Après plusieurs travaux entre la performance et les arts plastiques, elle fonde la compagnie Balkis Moutashar en 2009, et crée cette année-là 6 yeux, un visage et deux pieds (pour le moment), un triptyque en collaboration avec un homme de théâtre, un chorégraphe et un plasticien-performeur, pour le festival Dansem à Marseille. La même année verra la création de Lautrétranger, une rencontre surprise avec un danseur de hip-hop algérien. Cette pièce, commandée par Les Bancs Publics pour le festival Les rencontres à l’Echelle, ira ensuite visiter le Centre Culturel d’Oran en Algérie.

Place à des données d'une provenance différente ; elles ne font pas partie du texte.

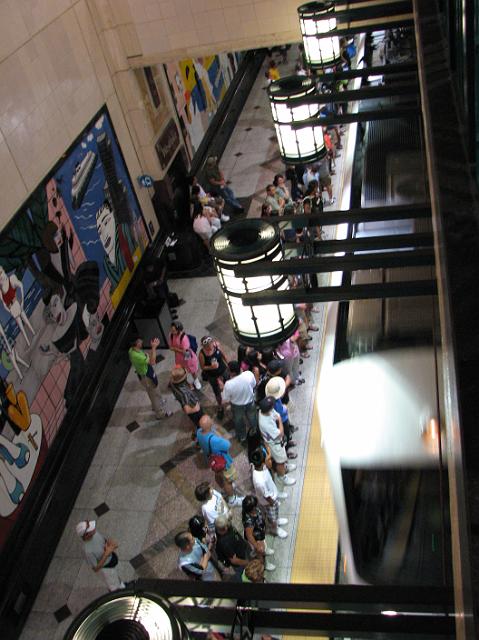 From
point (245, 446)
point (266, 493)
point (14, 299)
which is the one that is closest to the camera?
point (266, 493)

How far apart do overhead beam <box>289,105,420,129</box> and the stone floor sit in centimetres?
396

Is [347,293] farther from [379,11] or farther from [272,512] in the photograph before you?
[272,512]

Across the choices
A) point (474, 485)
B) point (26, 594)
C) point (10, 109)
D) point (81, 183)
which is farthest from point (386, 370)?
point (81, 183)

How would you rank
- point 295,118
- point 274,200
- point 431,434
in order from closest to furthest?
point 431,434, point 295,118, point 274,200

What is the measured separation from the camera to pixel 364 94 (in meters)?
4.45

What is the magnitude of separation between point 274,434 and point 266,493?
0.58 m

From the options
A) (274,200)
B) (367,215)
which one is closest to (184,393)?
(274,200)

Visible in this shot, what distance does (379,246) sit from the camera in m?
3.17

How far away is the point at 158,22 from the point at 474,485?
31.3 ft

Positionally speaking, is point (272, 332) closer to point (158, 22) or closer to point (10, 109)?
point (10, 109)

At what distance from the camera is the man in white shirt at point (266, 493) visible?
604 centimetres

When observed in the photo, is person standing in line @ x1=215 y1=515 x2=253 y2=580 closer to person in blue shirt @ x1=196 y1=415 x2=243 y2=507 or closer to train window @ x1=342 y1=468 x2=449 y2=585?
person in blue shirt @ x1=196 y1=415 x2=243 y2=507

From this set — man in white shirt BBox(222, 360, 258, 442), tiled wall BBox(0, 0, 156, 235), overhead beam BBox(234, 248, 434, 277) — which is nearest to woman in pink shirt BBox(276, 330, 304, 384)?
man in white shirt BBox(222, 360, 258, 442)

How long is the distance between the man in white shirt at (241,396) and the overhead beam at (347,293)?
387 centimetres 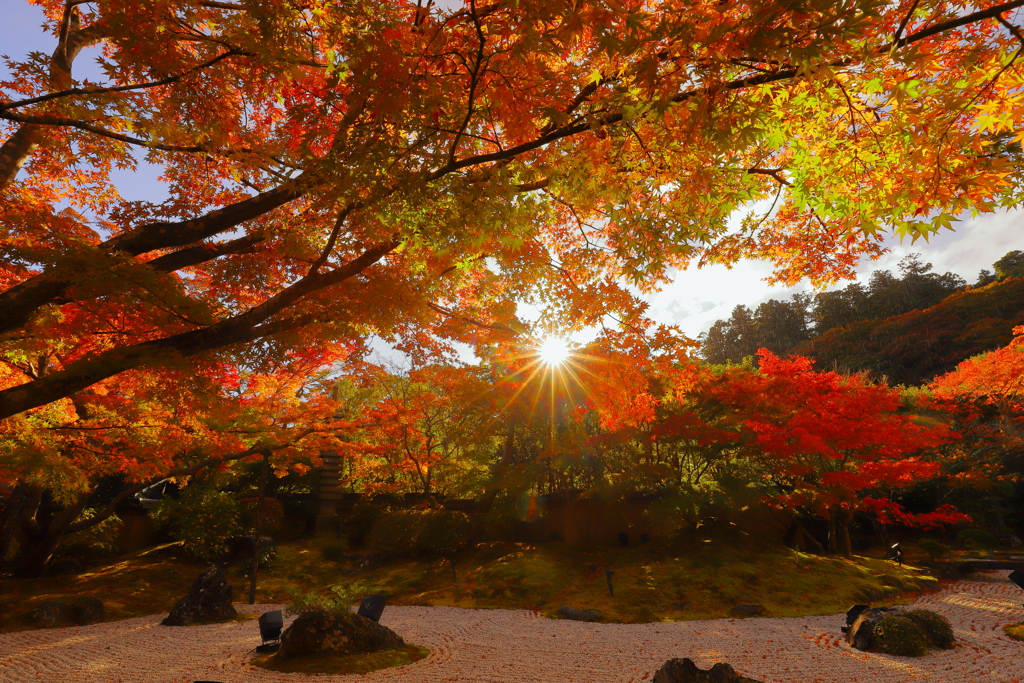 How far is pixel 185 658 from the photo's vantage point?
6.31 meters

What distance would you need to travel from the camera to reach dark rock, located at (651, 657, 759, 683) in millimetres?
4335

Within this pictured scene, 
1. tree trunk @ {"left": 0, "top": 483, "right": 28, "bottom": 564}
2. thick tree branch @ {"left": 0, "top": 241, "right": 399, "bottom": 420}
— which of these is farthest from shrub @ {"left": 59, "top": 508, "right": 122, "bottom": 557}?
thick tree branch @ {"left": 0, "top": 241, "right": 399, "bottom": 420}

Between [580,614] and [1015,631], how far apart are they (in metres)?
6.35

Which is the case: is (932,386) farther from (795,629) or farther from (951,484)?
(795,629)

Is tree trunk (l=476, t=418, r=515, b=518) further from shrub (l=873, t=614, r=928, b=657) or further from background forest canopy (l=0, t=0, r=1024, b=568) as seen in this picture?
shrub (l=873, t=614, r=928, b=657)

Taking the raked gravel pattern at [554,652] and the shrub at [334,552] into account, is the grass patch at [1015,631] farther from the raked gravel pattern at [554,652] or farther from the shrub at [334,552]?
the shrub at [334,552]

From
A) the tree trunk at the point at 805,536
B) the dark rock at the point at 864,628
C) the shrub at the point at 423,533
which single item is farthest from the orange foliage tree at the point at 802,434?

La compagnie se structure plus précisément en 2013, et crée Les Portes Pareilles, une pièce traçant un chemin entre danse contemporaine et music-hall. Cette pièce a connu plus de 35 représentations depuis sa création à KLAP Maison pour la danse à Marseille pour le festival Dansem, du CDC Les Hivernales à Avignon à des centres de vacances CCAS en passant par différentes scènes conventionnées, réalisant le désir d’aller à la rencontre de différents public qui avait présidé à sa création.
En 2013 toujours, elle réalise A quelle distance sommes nous des autres ?, un duo in situ pour un espace public recouvert d’une multitude de tapis, dans le cadre d’une commande pour la Capitale européenne de la culture Marseille Provence 2013.
Elle crée ensuite Intersection en 2016, un quatuor qui explore la structure des corps en relation avec la machinerie du théâtre, au KLAP Maison pour la danse à Marseille, avec le soutien du Ballet National de Marseille. Cette création, qui propose une sorte de plongée dans les méandres du corps et du vivant, lui permet d’ancrer plus profondément l’écriture de la danse dans une connaissance sensible des structures du mouvement. Toujours en 2016, et explorant une esthétique diamétralement opposée, elle crée un court solo sur une proposition de la Friche la Belle de Mai, Shirley, qui revisite étrangement la figure de la diva.

 

Elle commence en 2018 un cycle de deux créations autour du vêtement, du costume et de leur pouvoir de transformation du corps, et crée début 2019 De tête en cape, une pièce pour le jeune public autour de la question du costume et de la métamorphose, entre déguisements d’enfants, culture populaire et traditions carnavalesques.Elle continue ce cycle en 2019 et 2020 avec un projet en plusieurs parties autour de l’histoire du costume, Attitudes habillées.